With the increase in your income, you can then increase your SIP amount. This way, you can start investing in SIP even for a small amount.

⦁ Disciplined Approach
SIP investing brings a disciplined approach to you. In fact, it’s a very good investment option if you don’t have enough knowledge about the markets. Every month you need to invest a fixed amount in SIP.
This amount gets deducted from your bank account. This develops a savings habit in you.

⦁ No Need to Time the Market
SIP brings the power to enter the market without timing the market. When the markets are good then you will get limited shares. But if markets are not favourable then you will get more shares. So, the averaging works here and your portfolio gets balanced returns.

⦁ Flexible Tenure
SIPs offer you the flexibility of tenure. There is no minimum or maximum tenure for investment. You can invest for the period you want.

Power of Rupee Cost Averaging in SIPs

Investing in SIP gives you the huge benefit of rupee cost averaging.
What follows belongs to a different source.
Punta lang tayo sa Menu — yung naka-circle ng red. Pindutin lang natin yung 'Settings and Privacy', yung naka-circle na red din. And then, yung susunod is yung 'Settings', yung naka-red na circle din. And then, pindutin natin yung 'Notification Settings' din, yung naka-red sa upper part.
You invest in SIP at regular intervals. This can be monthly, weekly, quarterly etc. With each SIP investment, you buy mutual units at Net Asset Value (NAV). Each time the NAV is different.

This average out the cost of buying mutual funds units. You buy the units at low prices and sell them at high. This is basically the concept of rupee cost averaging.
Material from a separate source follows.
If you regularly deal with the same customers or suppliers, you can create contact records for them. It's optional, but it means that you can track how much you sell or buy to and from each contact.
Rupee cost averaging basically helps you to reduce the impact of market volatility. You buy more when markets are low and you buy less when markets are high. This way the value of an investment is maximised in the long term.

SIP is a powerful investment vehicle for wealth creation and fulfilment of financial goals. It comes with the power of compounding and rupee cost averaging. Before starting your SIP use SIP Return Calculator in order to calculate SIP Returns.

Frequently Asked Questions

⦁ Is SIP investment 100% safe?

SIP is a very safe method of investing in mutual funds. Here a specific amount of investment is required to be invested at regular intervals. Due to this, your investment is averaged out which helps you to maximise returns. But still, as the investments are in mutual funds so they are subject to market risk. So, invest carefully.

⦁ Is SIP better than Fixed Deposit?

SIP and Fixed Deposits are different financial tools and they both have their own investment objectives hence it is not fair to compare. However, SIPs have some advantages over FDs, such as the benefit of flexibility of investment, diversification across asset classes, potential higher returns since you can invest in the equity market, etc. However, you need to choose your investment according to your financial goals and asset allocation.

⦁ How can one become rich with SIP?

Starting a SIP at an early age and keeping it regular without any bounces can make you rich in the long run. Even first-time investors can create wealth through regular investments in SIP with even a small amount.